I buckled down, studied hard, and learned as much as I could. I had some flexibility in choosing my humanities electives, so I took courses that I found interesting and would add value to any career I chose in the future. I enrolled in sociology courses so I could better understand human society, how it was formed, and how people worked together. I learned about Buddhist religion and philosophy to understand balance and the nature of my own mind. Writing and literature courses helped me exercise my creativity and expand my worldview. I enrolled in computer science courses to learn more about logical thought, and I even took a semester of Latin to understand the etymology of modern language.
When I left college, I had worked harder than I needed to, but I had really earned that well-rounded degree. I had my degree in hand and was ready to re-enter the workforce.

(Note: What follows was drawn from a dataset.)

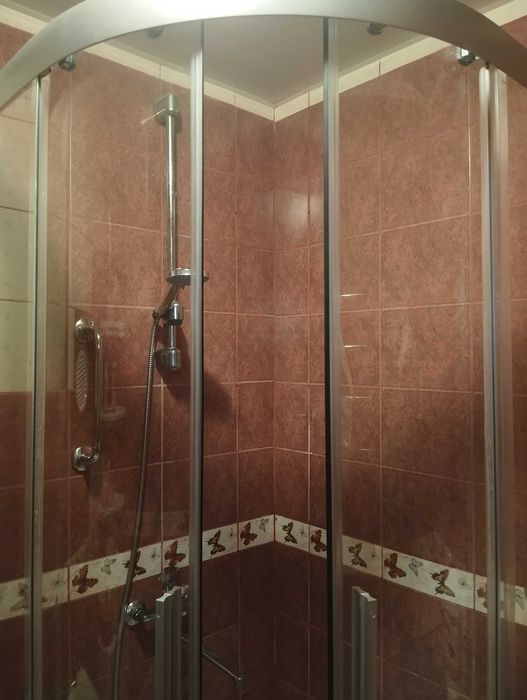 Душова кабіна з піддоном   RAVAK  90|90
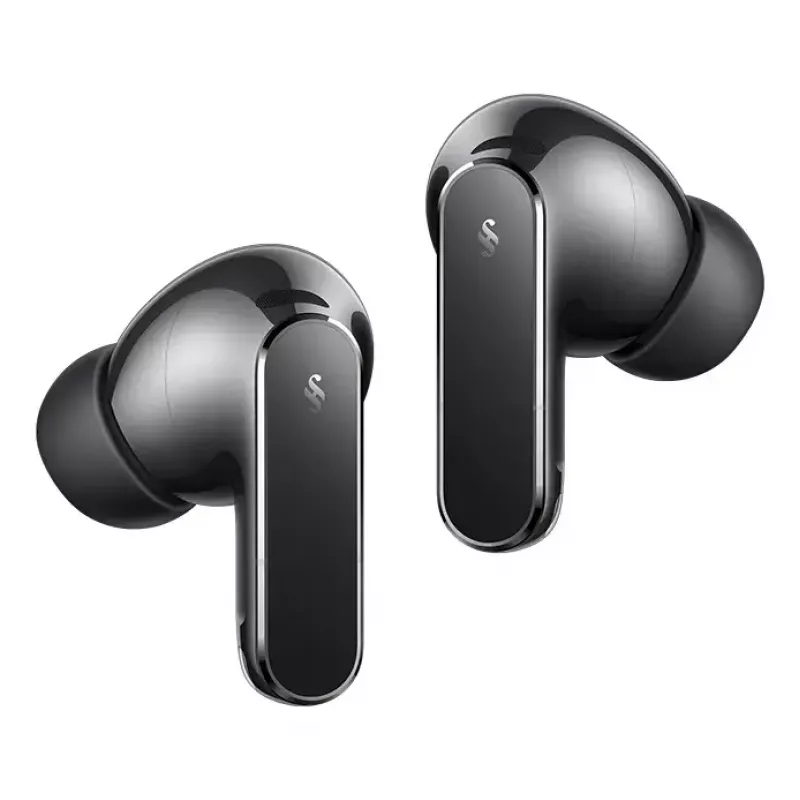 Headset HUAWEI FreeBuds Pro 5 — Bluetooth in-ear wireless, 10–48000 Hz, USB-C, grigio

Now that I was done with college, what was I supposed to do now? I had a college degree on my resume that made me more marketable, but I felt like I was in the Coen Brother's movie The Hudsucker Proxy: every job post required experience. I had some experience, but I really wanted a management-level job, and all those jobs required five years of experience. What was I to do?
The answer was simple: work hard. I had a degree in hand, and that would help me advance my career, but it didn't mean that I was going to be handed a job. Just like my college experience, I would get exactly what I earned. So I sat down, polished my resume, and wrote some excellent cover letters.
The college degree helped me get my foot in the door at the first job. It wasn't as glamorous a job as I had imagined when I went back to college, but I tried to learn something new at every opportunity and became a pro at Microsoft Excel. Those skills got me my second job as an analyst, where I learned about Kaizen and continual process improvement. Over time, I built up a resume that included both experience and a college degree, which landed me a job as a manager where I learned about Maslow's Hierarchy of Needs and how to effectively motivate employees to perform at their best.
All of these things have prepared me for what's next: the entrepreneurial dream of opening my own business. Could I have done this without a college degree? Certainly! Would it be easier? Certainly not!
My college degree encouraged employers to offer me a job interview because it showed that I was dedicated, I could see a commitment all the way through, and that I was capable of critical thinking. In the interview, I proved that I was a well-rounded individual and earned job opportunities and promotions. In the end, my degree helped me more than I could have imagined: computer science courses helped me become an analytical person, literature and sociology courses helped me understand the world around me, and Buddhist philosophy courses helped me stay grounded when my employees were driving me crazy.
The college degree set me up with a mindset of lifelong learning, and as a result, I feel more prepared to become a business owner. I'm glad that I went back to college and earned my degree because I can't imagine how my career would have advanced so much without it.